Extracted records
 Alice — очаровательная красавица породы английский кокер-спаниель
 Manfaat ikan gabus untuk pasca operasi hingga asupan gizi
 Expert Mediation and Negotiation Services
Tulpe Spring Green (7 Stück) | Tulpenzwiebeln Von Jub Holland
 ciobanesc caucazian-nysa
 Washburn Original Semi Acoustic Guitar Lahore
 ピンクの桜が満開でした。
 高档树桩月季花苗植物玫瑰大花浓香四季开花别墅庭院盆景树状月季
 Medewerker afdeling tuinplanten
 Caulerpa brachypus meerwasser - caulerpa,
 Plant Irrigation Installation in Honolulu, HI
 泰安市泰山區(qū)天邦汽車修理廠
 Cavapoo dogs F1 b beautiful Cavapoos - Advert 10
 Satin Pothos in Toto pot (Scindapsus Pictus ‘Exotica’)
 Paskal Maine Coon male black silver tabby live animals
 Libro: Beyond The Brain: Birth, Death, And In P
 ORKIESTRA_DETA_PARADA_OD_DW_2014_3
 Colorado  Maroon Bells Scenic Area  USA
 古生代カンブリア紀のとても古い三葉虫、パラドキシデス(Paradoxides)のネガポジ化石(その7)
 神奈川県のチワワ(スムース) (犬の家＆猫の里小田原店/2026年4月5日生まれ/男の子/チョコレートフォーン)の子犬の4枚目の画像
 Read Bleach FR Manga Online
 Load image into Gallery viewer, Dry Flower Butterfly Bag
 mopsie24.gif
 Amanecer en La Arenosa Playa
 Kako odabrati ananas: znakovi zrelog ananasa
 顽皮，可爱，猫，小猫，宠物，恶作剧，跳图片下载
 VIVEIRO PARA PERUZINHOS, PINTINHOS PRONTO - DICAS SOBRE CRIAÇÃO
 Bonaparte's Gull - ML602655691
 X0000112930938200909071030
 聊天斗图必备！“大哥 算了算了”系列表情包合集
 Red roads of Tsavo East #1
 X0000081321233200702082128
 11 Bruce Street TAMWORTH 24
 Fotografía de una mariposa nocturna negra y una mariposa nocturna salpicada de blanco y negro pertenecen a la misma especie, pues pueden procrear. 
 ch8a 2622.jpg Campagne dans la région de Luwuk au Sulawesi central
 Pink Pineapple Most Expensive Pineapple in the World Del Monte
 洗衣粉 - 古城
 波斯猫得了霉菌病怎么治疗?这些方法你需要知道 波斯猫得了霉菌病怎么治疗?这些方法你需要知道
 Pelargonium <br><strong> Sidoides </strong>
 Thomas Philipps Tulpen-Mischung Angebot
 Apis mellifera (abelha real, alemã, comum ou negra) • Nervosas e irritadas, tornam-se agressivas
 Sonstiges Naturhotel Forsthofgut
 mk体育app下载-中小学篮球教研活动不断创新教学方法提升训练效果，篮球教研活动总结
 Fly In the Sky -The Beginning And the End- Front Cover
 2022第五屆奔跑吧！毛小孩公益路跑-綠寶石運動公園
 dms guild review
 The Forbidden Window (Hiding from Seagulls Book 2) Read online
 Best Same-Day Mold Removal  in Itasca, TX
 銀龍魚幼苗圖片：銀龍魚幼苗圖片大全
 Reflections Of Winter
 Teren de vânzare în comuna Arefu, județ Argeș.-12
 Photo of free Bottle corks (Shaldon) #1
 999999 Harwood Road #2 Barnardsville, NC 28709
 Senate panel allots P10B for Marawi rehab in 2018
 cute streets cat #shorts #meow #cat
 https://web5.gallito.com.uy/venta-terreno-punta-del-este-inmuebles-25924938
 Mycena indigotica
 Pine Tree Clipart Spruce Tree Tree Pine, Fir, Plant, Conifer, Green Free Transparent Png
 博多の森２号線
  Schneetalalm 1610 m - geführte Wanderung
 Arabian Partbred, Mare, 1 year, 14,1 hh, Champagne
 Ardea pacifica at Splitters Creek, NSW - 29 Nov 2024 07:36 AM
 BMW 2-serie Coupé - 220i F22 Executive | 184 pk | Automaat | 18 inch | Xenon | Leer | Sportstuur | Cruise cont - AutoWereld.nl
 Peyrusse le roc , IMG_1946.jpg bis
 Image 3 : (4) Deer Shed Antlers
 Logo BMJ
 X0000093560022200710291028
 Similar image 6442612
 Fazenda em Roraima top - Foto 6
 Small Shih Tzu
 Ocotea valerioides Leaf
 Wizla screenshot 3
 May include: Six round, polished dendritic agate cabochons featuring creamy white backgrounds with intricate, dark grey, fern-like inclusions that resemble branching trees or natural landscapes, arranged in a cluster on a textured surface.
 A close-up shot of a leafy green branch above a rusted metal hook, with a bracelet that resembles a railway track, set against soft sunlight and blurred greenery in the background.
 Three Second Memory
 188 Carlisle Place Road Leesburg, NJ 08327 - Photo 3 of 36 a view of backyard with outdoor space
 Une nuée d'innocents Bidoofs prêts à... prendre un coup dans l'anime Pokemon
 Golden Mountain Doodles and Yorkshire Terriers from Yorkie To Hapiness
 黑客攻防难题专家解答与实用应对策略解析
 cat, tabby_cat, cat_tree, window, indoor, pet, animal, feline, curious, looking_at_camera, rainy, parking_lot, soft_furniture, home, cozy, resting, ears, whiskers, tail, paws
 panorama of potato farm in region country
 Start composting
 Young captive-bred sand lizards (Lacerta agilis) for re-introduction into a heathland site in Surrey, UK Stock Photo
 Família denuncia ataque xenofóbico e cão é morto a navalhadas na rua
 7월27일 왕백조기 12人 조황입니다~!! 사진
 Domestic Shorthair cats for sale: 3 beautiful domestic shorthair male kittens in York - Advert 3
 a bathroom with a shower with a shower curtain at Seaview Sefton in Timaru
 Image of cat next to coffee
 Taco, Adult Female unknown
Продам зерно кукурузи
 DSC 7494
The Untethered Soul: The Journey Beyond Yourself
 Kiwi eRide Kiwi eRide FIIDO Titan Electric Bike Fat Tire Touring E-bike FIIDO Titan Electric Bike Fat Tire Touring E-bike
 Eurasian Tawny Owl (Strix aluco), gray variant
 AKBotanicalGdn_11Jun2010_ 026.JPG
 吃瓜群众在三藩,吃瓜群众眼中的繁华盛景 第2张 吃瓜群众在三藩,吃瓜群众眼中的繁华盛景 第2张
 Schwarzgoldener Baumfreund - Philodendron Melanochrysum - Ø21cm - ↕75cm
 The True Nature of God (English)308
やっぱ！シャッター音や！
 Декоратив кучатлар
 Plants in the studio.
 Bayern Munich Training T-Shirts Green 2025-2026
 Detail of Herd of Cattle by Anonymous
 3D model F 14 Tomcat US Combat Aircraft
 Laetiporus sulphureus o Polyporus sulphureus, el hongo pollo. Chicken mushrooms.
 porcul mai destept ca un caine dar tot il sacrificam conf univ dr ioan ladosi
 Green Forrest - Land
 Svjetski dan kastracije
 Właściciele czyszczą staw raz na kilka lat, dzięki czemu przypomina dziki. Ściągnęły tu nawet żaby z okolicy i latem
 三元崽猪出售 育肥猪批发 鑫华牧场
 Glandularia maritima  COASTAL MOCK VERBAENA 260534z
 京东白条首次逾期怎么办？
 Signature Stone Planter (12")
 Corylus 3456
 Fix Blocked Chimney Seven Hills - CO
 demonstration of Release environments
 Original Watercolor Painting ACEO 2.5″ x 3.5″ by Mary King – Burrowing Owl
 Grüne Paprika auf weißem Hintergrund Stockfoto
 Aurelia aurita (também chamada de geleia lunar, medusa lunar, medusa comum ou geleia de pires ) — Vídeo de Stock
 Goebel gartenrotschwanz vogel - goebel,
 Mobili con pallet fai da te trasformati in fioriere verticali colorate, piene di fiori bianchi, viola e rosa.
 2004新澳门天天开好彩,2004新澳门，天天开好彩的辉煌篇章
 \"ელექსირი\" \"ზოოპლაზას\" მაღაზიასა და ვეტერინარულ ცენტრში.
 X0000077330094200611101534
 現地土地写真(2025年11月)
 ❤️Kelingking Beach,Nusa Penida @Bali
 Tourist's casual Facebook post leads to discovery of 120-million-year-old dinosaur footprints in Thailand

- DESCRIPTION OF THE TASK: Show all lines above holding the word "Photo".

- RESULT OF THIS TASK:
 Photo of free Bottle corks (Shaldon) #1
 188 Carlisle Place Road Leesburg, NJ 08327 - Photo 3 of 36 a view of backyard with outdoor space
 Young captive-bred sand lizards (Lacerta agilis) for re-introduction into a heathland site in Surrey, UK Stock Photo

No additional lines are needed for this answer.